I did this in lines # through # in my code in my_other_file.py

6. Provide an example image of your result plotted back down onto the road such that the lane area is identified clearly.

alt text


Pipeline (video)

1. Provide a link to your final video output. Your pipeline should perform reasonably well on the entire project video (wobbly lines are ok but no catastrophic failures that would cause the car to drive off the road!).

Here's a link to my video result


Discussion

1. Briefly discuss any problems / issues you faced in your implementation of this project. Where will your pipeline likely fail? What could you do to make it more robust?
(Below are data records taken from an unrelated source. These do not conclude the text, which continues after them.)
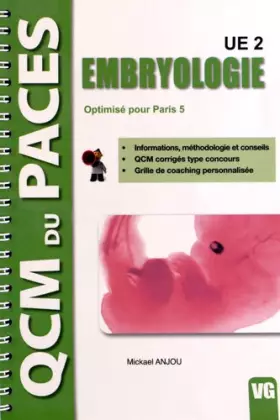 Couverture du produit · Embryologie UE 2: Optimisé pour Paris 5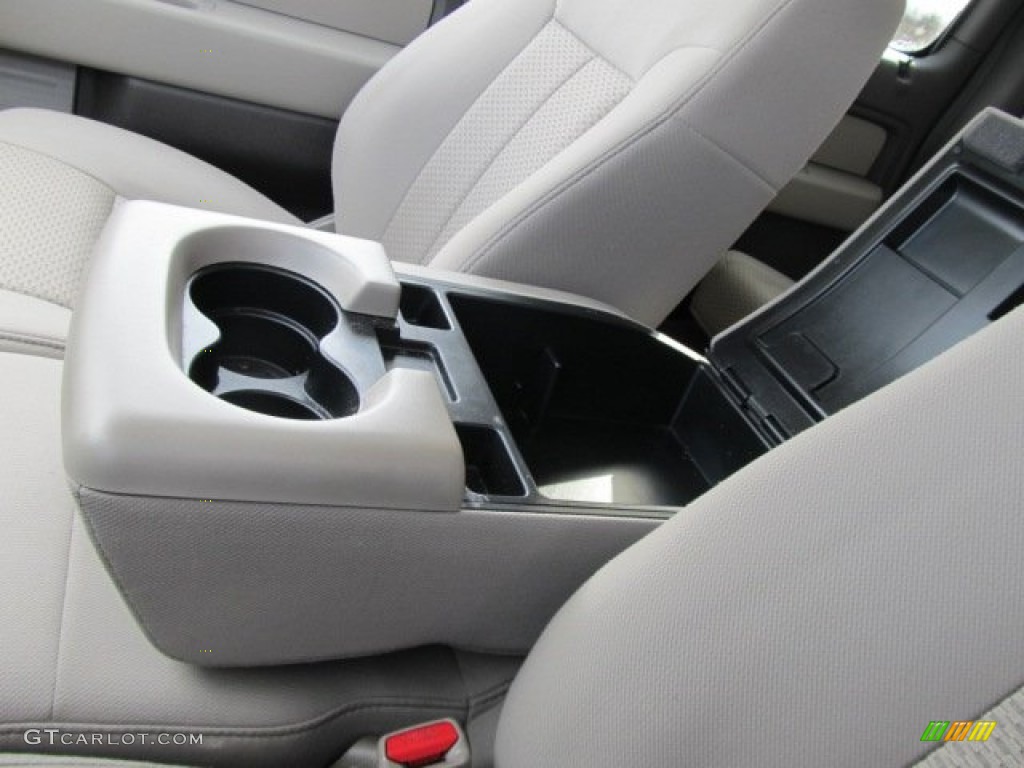 2010 F150 XLT SuperCrew 4x4 - Ingot Silver Metallic / Medium Stone photo #17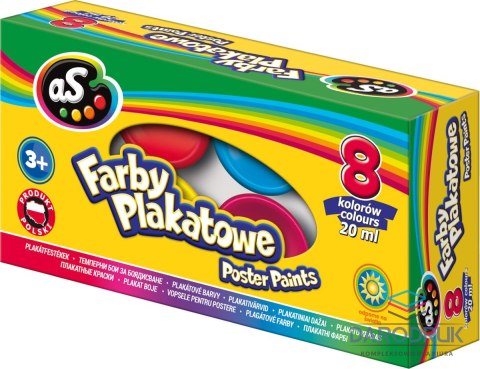As Farby plakatowe kolor: mix 20ml 8 kolor. As (83412900)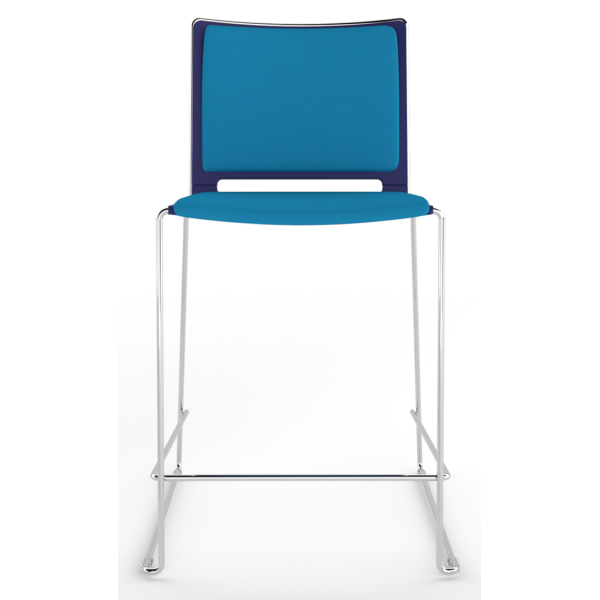 Tango Upholstered Seat and Back Stacking High Stool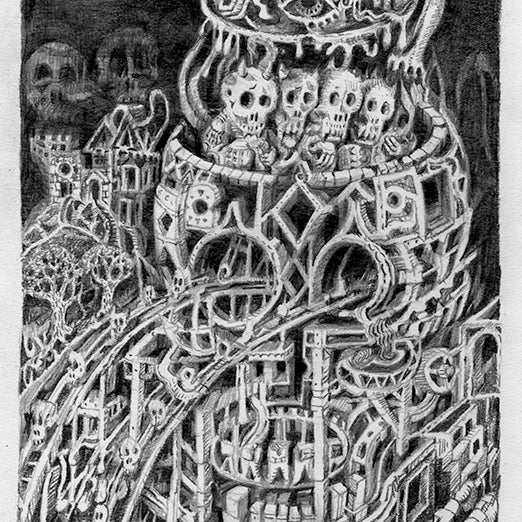 David Welker - "Skull Factory" - Spoke Art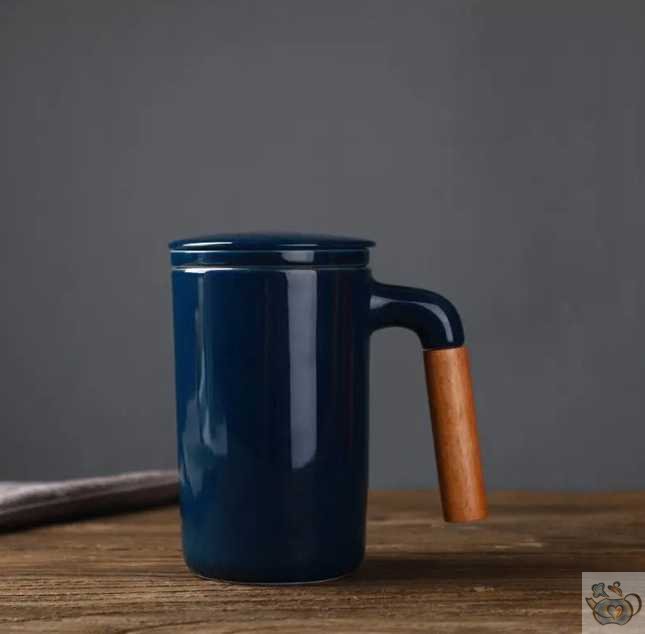 Mug et filtre céramique manche en bois | Théières à la folie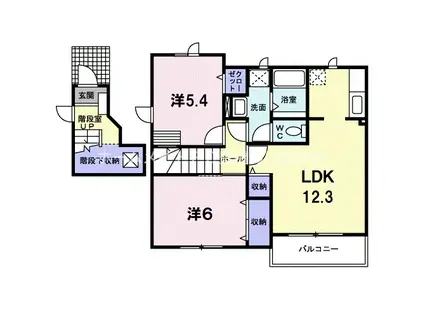 サンリットNIINOMI(2LDK/2階)の間取り写真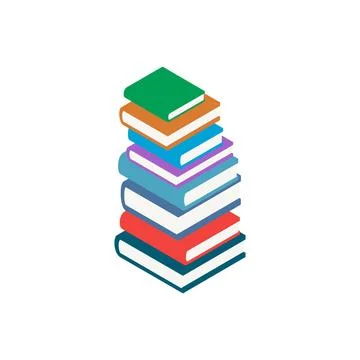 Book Stack Vector art Illustration Stock Illustration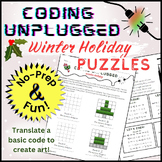 Coding Unplugged│WINTER HOLIDAY & CHRISTMAS Offline Puzzle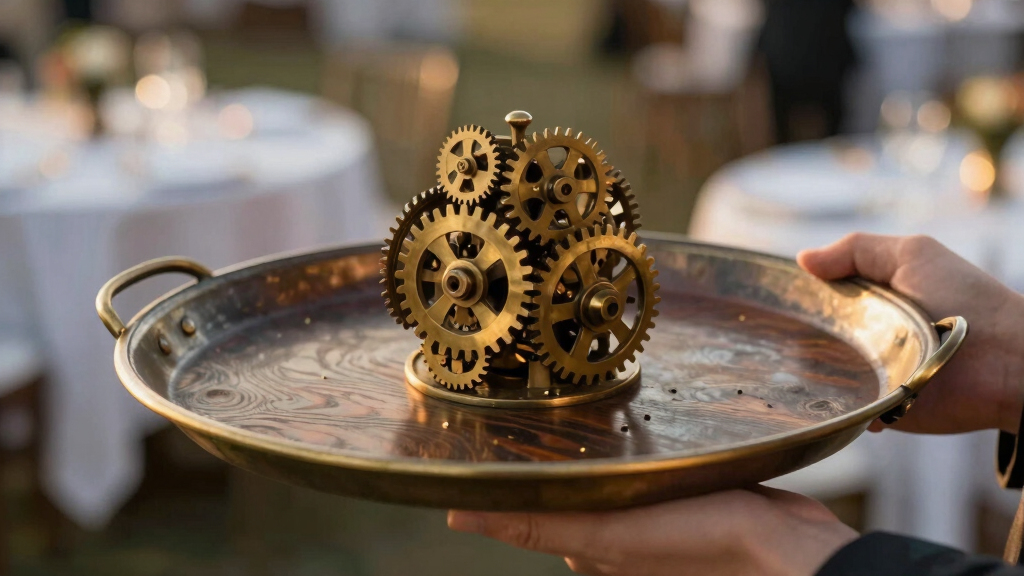 steampunk serving tray
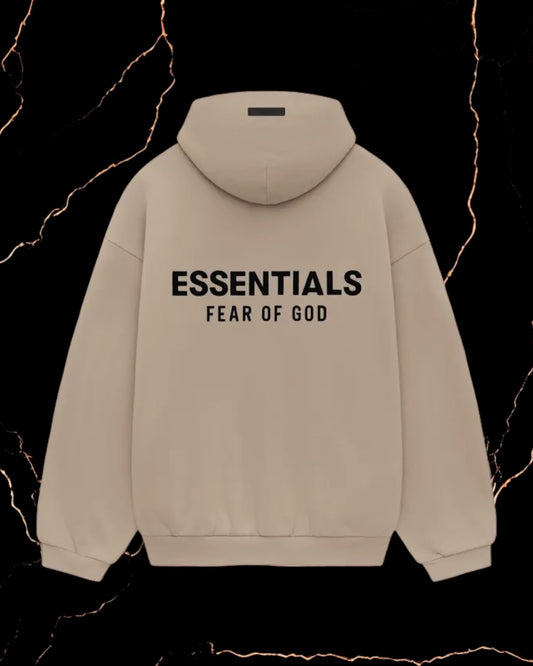 Fear Of God Essentials Fleece Hoodie "Desert Sand"
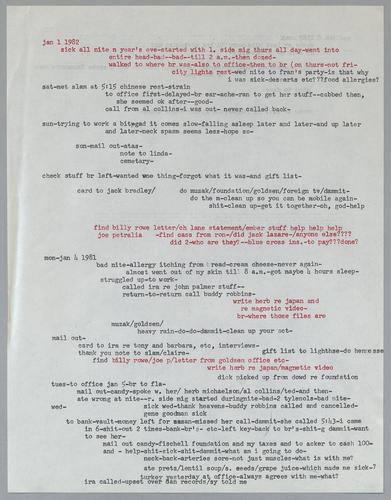 Martha Glaser Daily Notes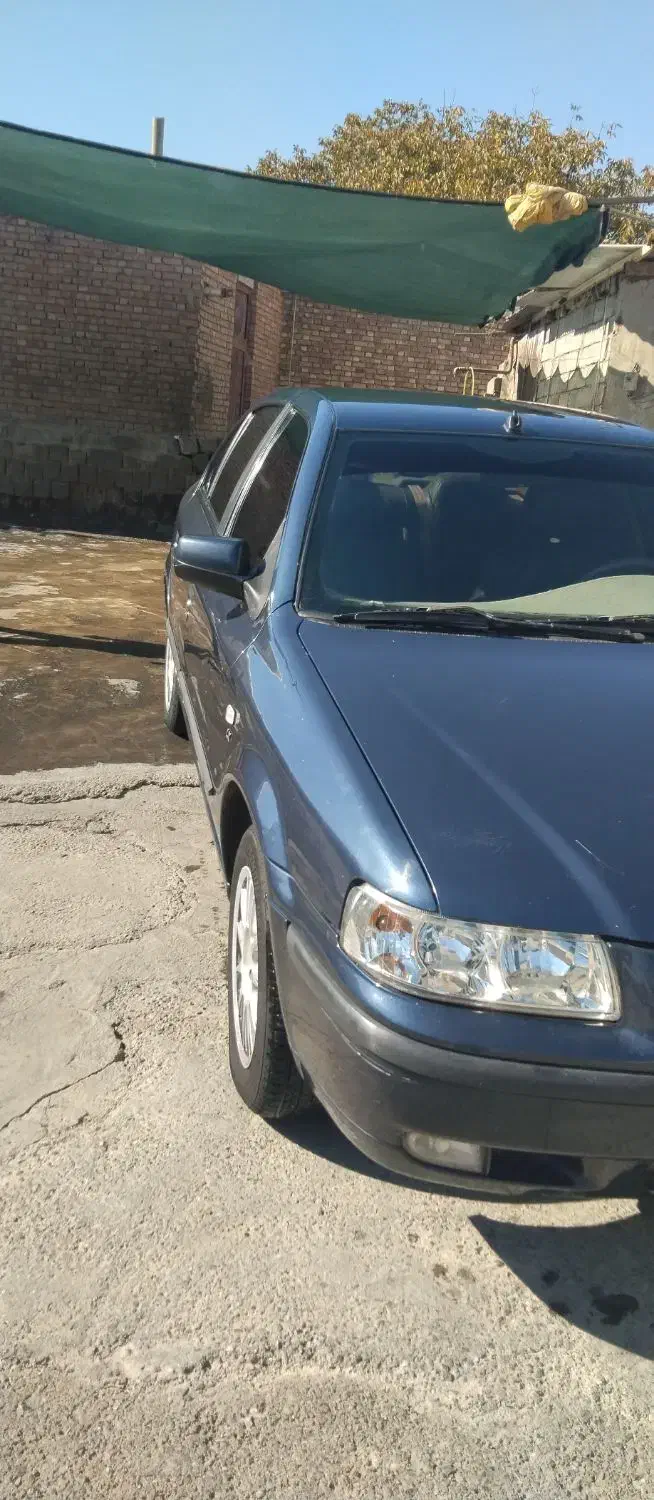 سمند اف 7مدل نودودو دوگانه فابریک رنگ ابی متالیک|خودرو سواری و وانت|پیرانشهر, |دیوار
While use the pipeline to process the vedio it may sometime loose track of the line lane, so I define a line class to keep track of the last polynomial coefficients, the 10 most recent polynomial coefficients and the best polynomial coefficients which is average of 10 most recent polynomial coefficients so I can decide if it lose track of lane or not:

# Define a class to receive the characteristics of each line detection
class Line():
    def __init__(self):
        # was the line detected in the last iteration?
        self.detected = False  
        # x values of the last n fits of the line
        self.recent_fitted = [np.array([False])]
        #average x values of the fitted line over the last n iterations
        self.bestx = None     
        #polynomial coefficients averaged over the last n iterations
        self.best_fit = None  
        #polynomial coefficients for the most recent fit
        self.current_fit = [np.array([False])]  
        #radius of curvature of the line in some units
        self.radius_of_curvature = None 
        #distance in meters of vehicle center from the line
        self.line_base_pos = None 
        #difference in fit coefficients between last and new fits
        self.diffs = np.array([0,0,0], dtype='float') 
        #x values for detected line pixels
        self.allx = None  
        #y values for detected line pixels
        self.ally = None
    
    def check_detected(self):
        if (self.diffs[0] < 0.01 and self.diffs[1] < 10.0 and self.diffs[2] < 1000.) and len(self.recent_fitted) > 0:
            return True
        else:
            return False
    
        
    def update(self,fit):
        if fit is not None:
            if self.best_fit is not None:
                self.diffs = abs(fit - self.best_fit)
                if self.check_detected():
                    self.detected =True
                    if len(self.recent_fitted)>10:
                        self.recent_fitted = self.recent_fitted[1:]
                        self.recent_fitted.append(fit)
                    else:
                        self.recent_fitted.append(fit)
                    self.best_fit = np.average(self.recent_fitted, axis=0)
                    self.current_fit = fit
                else:
                    self.detected = False
            else:
                self.best_fit = fit
                self.current_fit = fit
                self.detected=True
                self.recent_fitted.append(fit)

My current pipeline are very likely fail to detecte the lane in night, where light condition are very different. Using more color channals or other color spaces, and cobined all this, may solve this problem, but it remain to be see.